4.2. Determination of Optimal Thresholds

To enable measurable, automated filtering of high-quality idiom illustrations, the proposed Truth–Goodness–Beauty multidimensional evaluation framework was applied. Quantitative metrics were combined with expert qualitative assessments to derive optimal decision thresholds for each dimension. These thresholds provide an interpretable basis for the AI-Idiom system’s automated image selection.

4.2.1. Quantitative Computation

For each generated image, scores were computed for the three dimensions—cultural symbols, affective ontology, and visual aesthetics. Overall, Doubao and GPT-4 outperformed Midjourney on the cultural-symbol fidelity and emotional alignment, whereas Midjourney exhibited a marginal advantage on the aesthetic metric but lacked overall balance. For example, for the idiom “hua she tian zu” (drawing legs on a snake), the cultural-symbol scores were 77.7 (Doubao), 76.1 (GPT-4), and 50.7 (Midjourney); the emotional-core scores were 70.8, 70.4, and 63.4, respectively; and the aesthetic scores were 71.1, 75.9, and 73.5. Midjourney’s low cultural and emotional scores resulted from failures to render critical visual elements (the snake and the added legs) and to convey the idiom’s ironic tone, which validates the sensitivity of the proposed quantitative metrics to the low-quality outputs (see Figure 5).

4.2.2. Qualitative Analysis

This study strictly adhered to academic ethics and expert recruitment standards. Twelve independent experts were publicly recruited through university academic databases and design-industry associations. None of the experts had any collaborative, supervisory, or financial relationship with the authors. The expert panel comprised six specialists in illustration design (including university professors in visual communication design and senior designers) and six experts in Chinese cultural studies (including PhD holders and lecturers specializing in idiom culture and classical literature).
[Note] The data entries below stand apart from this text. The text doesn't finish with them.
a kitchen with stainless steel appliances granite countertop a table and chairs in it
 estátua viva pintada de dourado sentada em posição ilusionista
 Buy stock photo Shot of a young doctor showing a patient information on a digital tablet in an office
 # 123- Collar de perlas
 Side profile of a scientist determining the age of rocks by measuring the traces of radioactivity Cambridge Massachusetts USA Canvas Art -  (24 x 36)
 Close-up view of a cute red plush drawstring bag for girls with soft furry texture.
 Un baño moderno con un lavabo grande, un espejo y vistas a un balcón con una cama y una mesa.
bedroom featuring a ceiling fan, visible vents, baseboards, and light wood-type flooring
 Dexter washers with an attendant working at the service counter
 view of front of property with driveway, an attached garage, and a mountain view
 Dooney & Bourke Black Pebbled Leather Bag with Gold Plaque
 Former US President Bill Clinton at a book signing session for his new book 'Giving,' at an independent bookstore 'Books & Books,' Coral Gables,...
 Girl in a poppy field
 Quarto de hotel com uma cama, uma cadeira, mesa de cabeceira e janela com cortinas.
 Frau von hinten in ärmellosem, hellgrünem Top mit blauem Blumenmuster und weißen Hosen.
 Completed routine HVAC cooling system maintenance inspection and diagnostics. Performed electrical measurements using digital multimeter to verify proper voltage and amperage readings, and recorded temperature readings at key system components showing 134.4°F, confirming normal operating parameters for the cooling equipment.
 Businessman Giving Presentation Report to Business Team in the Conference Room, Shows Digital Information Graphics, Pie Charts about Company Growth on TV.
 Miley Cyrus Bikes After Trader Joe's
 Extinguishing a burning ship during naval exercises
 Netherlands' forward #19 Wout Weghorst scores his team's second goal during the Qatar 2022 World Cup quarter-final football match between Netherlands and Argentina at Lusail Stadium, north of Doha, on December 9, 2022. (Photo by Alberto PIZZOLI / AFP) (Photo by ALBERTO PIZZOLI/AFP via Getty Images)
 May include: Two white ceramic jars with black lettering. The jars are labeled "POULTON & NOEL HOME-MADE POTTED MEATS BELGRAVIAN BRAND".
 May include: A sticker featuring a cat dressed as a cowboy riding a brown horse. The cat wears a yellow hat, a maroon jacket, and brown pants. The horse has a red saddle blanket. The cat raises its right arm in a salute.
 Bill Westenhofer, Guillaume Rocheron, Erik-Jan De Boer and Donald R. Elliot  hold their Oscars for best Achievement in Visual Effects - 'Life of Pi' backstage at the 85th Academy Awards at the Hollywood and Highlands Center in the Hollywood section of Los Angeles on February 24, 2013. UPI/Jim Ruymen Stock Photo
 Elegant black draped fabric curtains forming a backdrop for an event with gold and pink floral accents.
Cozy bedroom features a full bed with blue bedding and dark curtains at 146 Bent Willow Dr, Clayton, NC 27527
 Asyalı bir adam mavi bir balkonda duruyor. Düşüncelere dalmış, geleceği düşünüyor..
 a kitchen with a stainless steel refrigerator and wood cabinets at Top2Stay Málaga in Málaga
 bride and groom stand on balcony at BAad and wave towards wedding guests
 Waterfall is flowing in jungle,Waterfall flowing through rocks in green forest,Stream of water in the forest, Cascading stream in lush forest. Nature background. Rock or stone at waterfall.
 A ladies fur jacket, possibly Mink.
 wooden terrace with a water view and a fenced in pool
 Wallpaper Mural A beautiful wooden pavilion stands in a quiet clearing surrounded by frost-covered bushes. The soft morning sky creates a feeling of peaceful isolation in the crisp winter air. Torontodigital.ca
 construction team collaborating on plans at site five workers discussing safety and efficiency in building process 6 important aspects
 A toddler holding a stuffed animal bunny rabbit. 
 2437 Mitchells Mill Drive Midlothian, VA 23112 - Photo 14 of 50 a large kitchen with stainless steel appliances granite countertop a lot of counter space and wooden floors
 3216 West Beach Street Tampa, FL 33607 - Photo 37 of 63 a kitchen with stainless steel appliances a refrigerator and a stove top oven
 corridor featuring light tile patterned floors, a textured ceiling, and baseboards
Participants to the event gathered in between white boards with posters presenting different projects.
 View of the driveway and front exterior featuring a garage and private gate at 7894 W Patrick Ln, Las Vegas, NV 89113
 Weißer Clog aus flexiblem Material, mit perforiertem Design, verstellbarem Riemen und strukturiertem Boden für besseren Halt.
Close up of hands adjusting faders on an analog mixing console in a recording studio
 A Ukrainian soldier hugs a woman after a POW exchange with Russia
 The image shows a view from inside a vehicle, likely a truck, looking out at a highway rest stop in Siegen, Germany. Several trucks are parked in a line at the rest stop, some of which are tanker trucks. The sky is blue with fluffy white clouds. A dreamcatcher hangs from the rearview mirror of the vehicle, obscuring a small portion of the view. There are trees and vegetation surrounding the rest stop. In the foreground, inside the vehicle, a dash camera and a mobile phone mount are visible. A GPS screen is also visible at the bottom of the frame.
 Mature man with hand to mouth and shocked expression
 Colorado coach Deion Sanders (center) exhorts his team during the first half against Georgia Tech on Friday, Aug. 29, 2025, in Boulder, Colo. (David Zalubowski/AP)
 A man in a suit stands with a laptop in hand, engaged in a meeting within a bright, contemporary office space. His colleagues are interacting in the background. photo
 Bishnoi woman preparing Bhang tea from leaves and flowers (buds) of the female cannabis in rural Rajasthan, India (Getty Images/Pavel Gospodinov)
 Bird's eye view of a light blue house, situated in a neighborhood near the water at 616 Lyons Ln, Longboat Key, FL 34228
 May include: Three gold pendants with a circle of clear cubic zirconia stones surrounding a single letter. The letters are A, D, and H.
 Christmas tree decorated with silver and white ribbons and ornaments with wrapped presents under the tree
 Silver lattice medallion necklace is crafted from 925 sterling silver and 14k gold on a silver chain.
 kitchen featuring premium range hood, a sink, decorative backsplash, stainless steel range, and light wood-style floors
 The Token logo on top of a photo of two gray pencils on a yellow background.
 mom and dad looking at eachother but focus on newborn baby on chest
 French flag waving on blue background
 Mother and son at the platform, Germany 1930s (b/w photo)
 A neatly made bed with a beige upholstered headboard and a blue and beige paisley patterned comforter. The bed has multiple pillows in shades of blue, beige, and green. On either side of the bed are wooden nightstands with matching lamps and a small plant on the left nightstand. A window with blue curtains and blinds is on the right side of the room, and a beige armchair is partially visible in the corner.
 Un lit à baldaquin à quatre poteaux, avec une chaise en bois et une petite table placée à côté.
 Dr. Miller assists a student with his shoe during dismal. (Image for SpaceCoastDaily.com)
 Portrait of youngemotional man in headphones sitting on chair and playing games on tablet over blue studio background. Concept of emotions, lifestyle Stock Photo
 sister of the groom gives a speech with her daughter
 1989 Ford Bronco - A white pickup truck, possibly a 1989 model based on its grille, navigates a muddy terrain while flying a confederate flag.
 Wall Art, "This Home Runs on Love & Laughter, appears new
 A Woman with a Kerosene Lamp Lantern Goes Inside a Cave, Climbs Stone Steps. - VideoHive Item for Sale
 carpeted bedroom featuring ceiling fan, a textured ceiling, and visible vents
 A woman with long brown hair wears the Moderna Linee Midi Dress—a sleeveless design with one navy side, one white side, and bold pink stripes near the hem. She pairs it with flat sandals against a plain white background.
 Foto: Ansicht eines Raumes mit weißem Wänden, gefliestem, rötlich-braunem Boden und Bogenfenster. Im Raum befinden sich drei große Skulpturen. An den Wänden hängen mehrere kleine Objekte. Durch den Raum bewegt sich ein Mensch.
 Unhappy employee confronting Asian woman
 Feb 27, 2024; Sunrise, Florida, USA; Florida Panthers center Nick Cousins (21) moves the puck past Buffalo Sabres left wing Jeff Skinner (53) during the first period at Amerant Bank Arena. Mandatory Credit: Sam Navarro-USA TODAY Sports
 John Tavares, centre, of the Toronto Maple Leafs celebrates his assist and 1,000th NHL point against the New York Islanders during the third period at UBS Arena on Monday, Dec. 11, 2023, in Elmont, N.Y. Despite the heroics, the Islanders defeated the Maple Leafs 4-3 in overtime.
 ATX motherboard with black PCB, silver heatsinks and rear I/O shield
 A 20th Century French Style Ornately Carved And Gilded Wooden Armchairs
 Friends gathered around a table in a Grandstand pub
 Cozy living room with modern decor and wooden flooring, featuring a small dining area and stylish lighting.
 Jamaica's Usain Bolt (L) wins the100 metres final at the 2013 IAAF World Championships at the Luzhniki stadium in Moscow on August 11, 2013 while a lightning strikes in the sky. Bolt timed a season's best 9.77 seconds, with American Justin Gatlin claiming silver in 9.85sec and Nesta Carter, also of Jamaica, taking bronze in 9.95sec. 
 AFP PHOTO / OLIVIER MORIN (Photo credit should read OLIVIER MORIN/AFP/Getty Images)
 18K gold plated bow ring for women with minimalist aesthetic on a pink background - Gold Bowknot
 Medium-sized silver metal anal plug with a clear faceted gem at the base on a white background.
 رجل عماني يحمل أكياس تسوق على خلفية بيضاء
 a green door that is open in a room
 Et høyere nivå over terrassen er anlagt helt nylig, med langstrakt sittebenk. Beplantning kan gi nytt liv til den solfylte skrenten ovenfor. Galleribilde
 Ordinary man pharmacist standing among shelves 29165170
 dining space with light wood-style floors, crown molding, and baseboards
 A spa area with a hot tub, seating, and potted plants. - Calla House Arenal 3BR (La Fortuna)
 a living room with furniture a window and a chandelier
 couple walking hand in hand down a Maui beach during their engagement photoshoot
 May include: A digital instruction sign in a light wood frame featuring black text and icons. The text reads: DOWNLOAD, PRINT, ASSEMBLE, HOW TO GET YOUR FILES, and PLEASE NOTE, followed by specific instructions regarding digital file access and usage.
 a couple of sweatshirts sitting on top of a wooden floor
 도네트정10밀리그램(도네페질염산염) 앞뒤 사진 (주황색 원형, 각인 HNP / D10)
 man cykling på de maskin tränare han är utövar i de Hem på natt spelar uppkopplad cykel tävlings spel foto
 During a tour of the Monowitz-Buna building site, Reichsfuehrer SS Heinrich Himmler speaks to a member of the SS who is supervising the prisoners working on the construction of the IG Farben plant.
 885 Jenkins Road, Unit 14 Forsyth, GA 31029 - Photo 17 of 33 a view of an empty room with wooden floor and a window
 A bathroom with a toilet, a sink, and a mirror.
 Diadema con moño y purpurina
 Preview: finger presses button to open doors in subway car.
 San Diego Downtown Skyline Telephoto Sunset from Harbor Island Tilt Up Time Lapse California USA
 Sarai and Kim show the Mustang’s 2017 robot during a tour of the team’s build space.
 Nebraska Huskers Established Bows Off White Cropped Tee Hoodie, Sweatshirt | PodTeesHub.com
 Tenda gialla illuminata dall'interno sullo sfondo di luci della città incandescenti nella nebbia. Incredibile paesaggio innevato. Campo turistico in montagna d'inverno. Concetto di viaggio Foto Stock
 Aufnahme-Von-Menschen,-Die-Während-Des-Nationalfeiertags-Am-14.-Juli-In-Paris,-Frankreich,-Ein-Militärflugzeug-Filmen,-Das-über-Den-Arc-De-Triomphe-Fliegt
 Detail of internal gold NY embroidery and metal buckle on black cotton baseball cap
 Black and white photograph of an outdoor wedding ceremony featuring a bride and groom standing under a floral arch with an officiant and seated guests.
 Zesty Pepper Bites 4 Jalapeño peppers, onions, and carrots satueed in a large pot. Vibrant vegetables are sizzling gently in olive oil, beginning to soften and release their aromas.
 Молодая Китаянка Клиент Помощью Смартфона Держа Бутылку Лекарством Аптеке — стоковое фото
The inclusion criteria were as follows: (i) at least five years of research or professional experience in the relevant field; (ii) appropriate professional titles and qualifications; and (iii) voluntary participation with signed informed consent. All experts conducted double-blind independent ratings to minimize selection bias and enhance the objectivity of the evaluation results. The evaluation dimensions included cultural symbols, emotional ontology, and visual aesthetics, each measured on a 1–5 Likert scale. The questionnaire items were adapted from the multidimensional Aesthetic Experience Scale (AES) proposed by Hager et al. [46], with modifications to suit the scene characteristics of idiom illustrations. Each dimension contained four measurement items, and Cronbach’s α exceeded 0.98 for all dimensions, indicating excellent internal consistency and stable rating reliability (Table 2).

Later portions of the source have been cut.